The panel in Coplan displayed a remarkable willingness to comb through an extremely complicated trial record and test every nuanced inference that the government urged could be drawn from the evidence in support of the verdicts. The bottom-line holding of the panel was that, after making all inferences in favor of the government, the convictions had to be vacated because the evidence of guilt was at best in equipose.
Although this general principle can be stated easily, its practical application in Coplan involved the panel conducting a particularized review of the evidence that appellate courts often forego. For example, one important fact for Shapiro was that a tax opinion letter provided to shelter clients stated that, for the purposes of the "economic substance" test governing tax-related transactions, the clients had a "substantial nontax business purpose" (OK, per the Coplan panel), rather than stating, as it had before Shapiro’s revisions, that the clients had a "principle" investment purpose. Likewise, although Shapiro had reviewed letters and attended phone conferences deemed incriminating by the government, his involvement in such conduct was not "habitual" or otherwise substantial. As for Nissenbaum’s Section 7212(a) conviction, his response to the IDR that the government characterized as obstructive – a partial explanation of the clients’ subjective business reasons for participating in the tax shelters – could not sustain the conviction because the IDR drafted by the IRS had sought all reasons held by the clients, rather than their primary reason. If this sounds somewhat murky and convoluted, it is. The point is that multiple convictions for very significant offenses were vacated after much effort at extremely fine line-drawing.

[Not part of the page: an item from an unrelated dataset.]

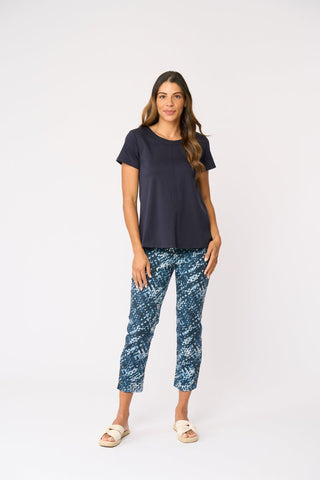 Foil Flare Play Top - True Navy | Pink Poppies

The implicit theme running throughout the discussion of the evidence was that it was not sufficiently clear that these lawyers had crossed the line while attempting to assist their clients, to whom they owed a duty. The competing tensions that lawyers can face was encapsulated in a jury instruction discussed later in the opinion. Although the trial court instructed the jury as requested by the defense that "[i]t is not illegal simply to make the IRS’s job harder[,]" it declined to instruct the jury on the larger defense point that "[t]his is particularly true for the defendants, whose professional obligations as attorneys or certified public accountants required them to represent the interests of their clients vigorously in their dealings with adversaries, such as the IRS."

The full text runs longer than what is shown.